Tonight I laced up my cleats after a long day, and there it was again. That feeling. The feeling of pure excitement and joy to be stepping onto a field.
Although I get this feeling a couple of times a week, it's nothing like it used to be. I just wish I realized that sooner.
I remember having the opportunity to lace up every morning. Yet it was so embedded in my daily routine that I didn't realize how much of an impact it was having on my life. How naturally it fit into my schedule. How incredibly nostalgic I would feel about not being able to have that chance again.
In fact, many times during many instances, I prayed for the daily routine to stop.
Every morning as I would shut my alarm clock off at 6:30 AM with sleepy eyes and messy hair, I would think to myself, when will this finally end? Every time coach yelled "get on the line" and my heart would sink into my knees, I would think to myself, when will this finally end? Every day that came with decisions I had no control over and did not understand, I would think to myself, when will this end? Every weekend that we had to pack up a duffle bag and head away to another destination for a two hour game I would think to myself, when will this end? I wanted more free time. I wanted to simply have a life.
And then, suddenly and unexpectedly, it ended.
With confusion, anger, disappointment and other unforeseen emotions in my heart as I kneeled on the turf and stared into its green surface filled with tiny black beads that would never find their way back into my shoes, hair, and clothing, in the last jersey I'd ever wear marked with a 9, I thought to myself, why did this have to end?
18 years of a competitive sport, and it was all over in the blink of an eye. I wish I could say I was a standout, and that I truly left my mark on each field - especially the last one I'd ever step on as a soccer player. But that, I realize now, is far less important than what the game itself has taught me these past four years.
So, fellow athletes, let me tell you this. It gets tough, especially when you don't get the rewards you work hard for every single minute.
It gets tiring because essentially, your sport becomes your job.
It gets repetitive and you lose some of your child-like passion for a game you grew to fall in love with. You make sacrifices and you have to abide to everything that one individual tells you to do. You want it to end so badly at times that it can make you bawl and punch multiple pillows, but this is it.

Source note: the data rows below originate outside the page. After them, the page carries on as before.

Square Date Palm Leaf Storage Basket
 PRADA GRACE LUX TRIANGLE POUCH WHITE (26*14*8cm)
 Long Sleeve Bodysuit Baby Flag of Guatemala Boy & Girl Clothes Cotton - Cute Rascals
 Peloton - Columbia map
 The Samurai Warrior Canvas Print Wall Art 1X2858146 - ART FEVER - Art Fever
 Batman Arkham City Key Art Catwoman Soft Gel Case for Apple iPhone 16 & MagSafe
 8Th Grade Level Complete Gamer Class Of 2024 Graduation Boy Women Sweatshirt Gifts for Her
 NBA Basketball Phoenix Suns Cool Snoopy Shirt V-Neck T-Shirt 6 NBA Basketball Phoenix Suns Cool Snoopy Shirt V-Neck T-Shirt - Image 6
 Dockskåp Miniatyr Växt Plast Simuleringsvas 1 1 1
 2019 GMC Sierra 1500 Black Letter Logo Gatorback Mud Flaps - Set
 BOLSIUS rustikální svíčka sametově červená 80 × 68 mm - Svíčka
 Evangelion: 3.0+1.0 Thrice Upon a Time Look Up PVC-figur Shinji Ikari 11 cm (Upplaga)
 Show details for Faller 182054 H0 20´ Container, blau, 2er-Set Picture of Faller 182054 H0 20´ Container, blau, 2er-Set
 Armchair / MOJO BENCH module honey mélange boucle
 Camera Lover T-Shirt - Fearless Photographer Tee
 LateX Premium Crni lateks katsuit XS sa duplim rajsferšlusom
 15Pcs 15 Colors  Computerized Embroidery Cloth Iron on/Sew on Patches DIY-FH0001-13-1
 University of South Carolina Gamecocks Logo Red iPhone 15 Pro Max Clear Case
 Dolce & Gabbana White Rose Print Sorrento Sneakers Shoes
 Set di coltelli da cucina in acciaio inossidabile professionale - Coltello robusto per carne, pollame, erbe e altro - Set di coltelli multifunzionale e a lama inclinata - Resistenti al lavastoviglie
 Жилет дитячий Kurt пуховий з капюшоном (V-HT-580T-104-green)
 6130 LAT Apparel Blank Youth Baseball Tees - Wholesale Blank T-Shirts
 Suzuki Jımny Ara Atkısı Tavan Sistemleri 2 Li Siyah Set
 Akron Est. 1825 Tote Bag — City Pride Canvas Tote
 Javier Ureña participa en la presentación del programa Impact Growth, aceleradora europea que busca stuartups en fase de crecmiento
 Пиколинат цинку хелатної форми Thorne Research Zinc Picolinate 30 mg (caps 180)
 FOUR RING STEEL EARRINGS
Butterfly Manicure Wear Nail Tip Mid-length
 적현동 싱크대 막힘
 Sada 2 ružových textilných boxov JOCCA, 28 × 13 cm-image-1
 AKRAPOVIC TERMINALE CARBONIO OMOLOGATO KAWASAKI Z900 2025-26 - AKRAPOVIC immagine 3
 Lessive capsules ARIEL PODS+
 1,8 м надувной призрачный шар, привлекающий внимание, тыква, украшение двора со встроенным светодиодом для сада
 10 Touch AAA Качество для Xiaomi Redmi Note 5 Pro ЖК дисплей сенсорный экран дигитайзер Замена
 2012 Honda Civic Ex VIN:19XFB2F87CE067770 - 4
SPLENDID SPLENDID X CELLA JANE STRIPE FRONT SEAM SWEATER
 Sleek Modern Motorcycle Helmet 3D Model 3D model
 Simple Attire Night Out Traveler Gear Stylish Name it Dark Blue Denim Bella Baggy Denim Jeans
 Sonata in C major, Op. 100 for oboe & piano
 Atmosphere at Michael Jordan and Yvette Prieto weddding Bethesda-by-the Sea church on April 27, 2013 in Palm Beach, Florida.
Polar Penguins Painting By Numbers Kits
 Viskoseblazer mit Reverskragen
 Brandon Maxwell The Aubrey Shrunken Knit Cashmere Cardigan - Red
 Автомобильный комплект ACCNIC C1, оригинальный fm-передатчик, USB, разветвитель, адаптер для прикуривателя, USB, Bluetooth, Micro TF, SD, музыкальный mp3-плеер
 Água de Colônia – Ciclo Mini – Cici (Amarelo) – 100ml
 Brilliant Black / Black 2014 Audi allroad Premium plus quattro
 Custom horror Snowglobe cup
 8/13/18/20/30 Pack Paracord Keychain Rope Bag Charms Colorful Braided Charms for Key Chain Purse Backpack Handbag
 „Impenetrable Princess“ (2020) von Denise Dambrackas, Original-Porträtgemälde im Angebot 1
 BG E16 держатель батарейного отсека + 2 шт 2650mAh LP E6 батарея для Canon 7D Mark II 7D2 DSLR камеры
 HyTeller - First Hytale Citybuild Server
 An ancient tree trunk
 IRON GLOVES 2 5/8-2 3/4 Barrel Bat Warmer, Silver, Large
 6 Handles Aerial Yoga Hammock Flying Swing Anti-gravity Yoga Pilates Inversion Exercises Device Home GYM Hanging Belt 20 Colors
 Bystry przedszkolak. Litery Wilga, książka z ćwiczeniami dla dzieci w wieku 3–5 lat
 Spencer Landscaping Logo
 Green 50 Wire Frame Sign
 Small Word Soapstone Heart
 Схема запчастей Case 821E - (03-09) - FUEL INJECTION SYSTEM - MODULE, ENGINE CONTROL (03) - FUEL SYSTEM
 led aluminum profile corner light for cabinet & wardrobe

This is the end. You don't get to go back once this part of your life runs its course.
My sport made me stronger. It taught me to be humble, to work hard even when no one is watching, to love my enemies, how to make sacrifices, to believe in yourself even when everything tells you not to, to illustrate passion, to keep fighting even when you really, really don't want to. And most importantly, it's taught me to control only the things I can control, and to always keep a positive attitude. That, over anything else, will be what I remember about being a collegiate athlete. That's what makes it worth it.
You'll miss the friendships and the bonds you form with your teammates. They are ones that will seriously last a lifetime. You'll also miss the feeling of just getting to play; to have an outlet to release your stress and forget everything else going on in your life at the moment.
I thank God for the struggles I've endured, even though they made me want to take off my cleats and quit at most times. I never gave in, I never gave up. My teammates have become life long friends and that's something you can't beat. Although my competitive athletic career came to an end, my life will go on, and I'll take my lessons with me and continue to be a fighter. That's who I've become and that's who I'll always be.
So next time you wake up too early for practice or your coach suggests some running, don't groan. Smile. Look around. Take it all in, because before you know it, it will be over and you'll give anything to lace up again and go out and compete.